Task item ->
Every line of the data below is to be given again as it appears, with the images removed.

Data provided ->
+ + + +
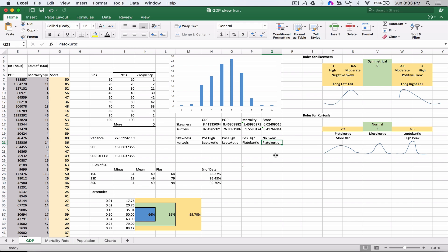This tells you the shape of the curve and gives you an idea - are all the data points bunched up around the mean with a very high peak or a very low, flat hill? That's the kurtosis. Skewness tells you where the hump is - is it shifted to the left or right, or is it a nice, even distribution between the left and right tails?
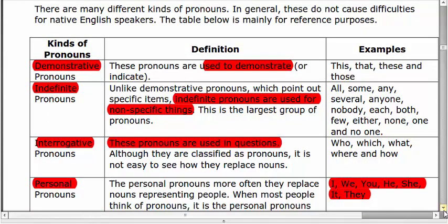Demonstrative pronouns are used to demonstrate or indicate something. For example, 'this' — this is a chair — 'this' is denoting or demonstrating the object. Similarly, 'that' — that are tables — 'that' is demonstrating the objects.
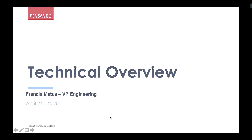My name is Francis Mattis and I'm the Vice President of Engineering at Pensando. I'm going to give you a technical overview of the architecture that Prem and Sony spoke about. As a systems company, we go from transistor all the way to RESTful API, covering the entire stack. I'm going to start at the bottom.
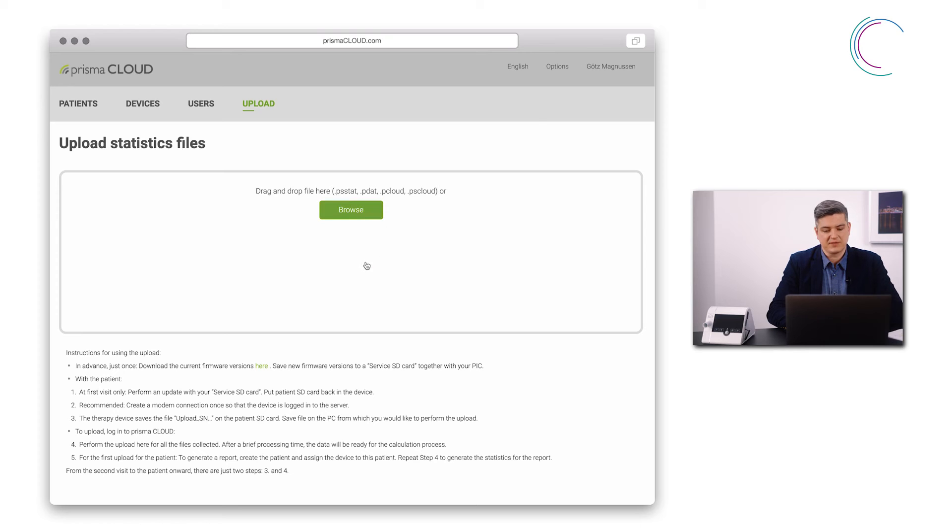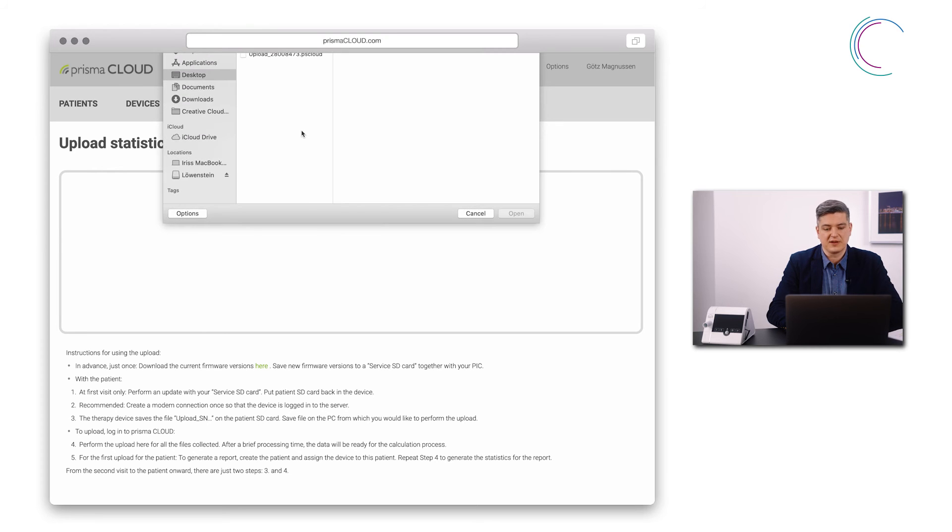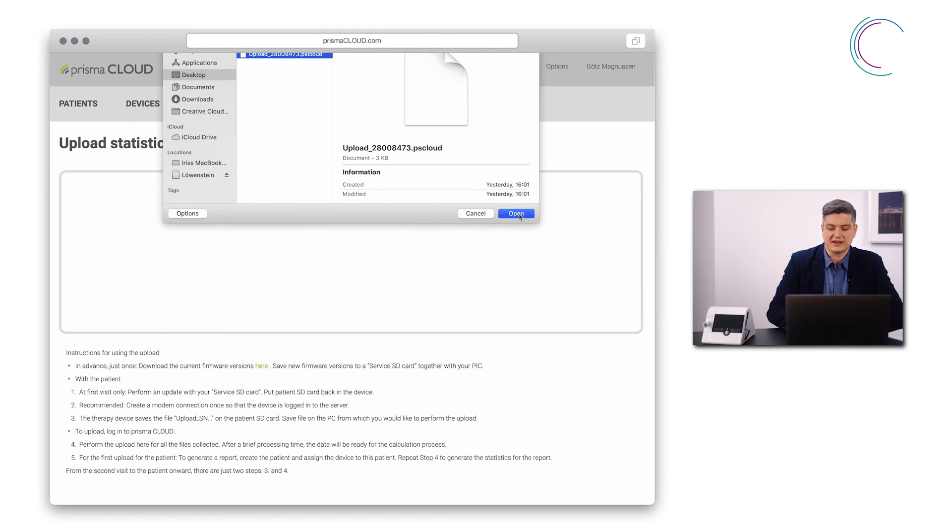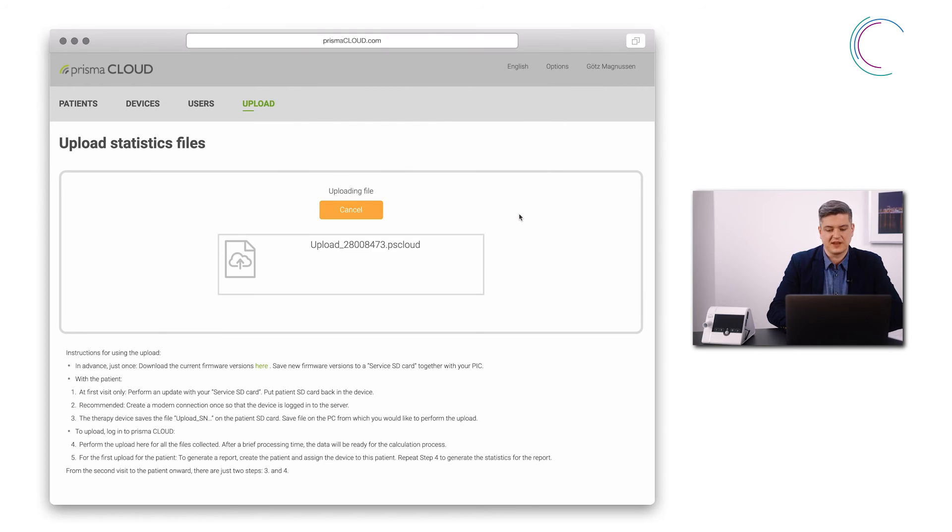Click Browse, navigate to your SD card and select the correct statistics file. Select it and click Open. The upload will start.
+ + + +
Result of the task ->
This tells you the shape of the curve and gives you an idea - are all the data points bunched up around the mean with a very high peak or a very low, flat hill? That's the kurtosis. Skewness tells you where the hump is - is it shifted to the left or right, or is it a nice, even distribution between the left and right tails?
Demonstrative pronouns are used to demonstrate or indicate something. For example, 'this' — this is a chair — 'this' is denoting or demonstrating the object. Similarly, 'that' — that are tables — 'that' is demonstrating the objects.
My name is Francis Mattis and I'm the Vice President of Engineering at Pensando. I'm going to give you a technical overview of the architecture that Prem and Sony spoke about. As a systems company, we go from transistor all the way to RESTful API, covering the entire stack. I'm going to start at the bottom.
Click Browse, navigate to your SD card and select the correct statistics file. Select it and click Open. The upload will start.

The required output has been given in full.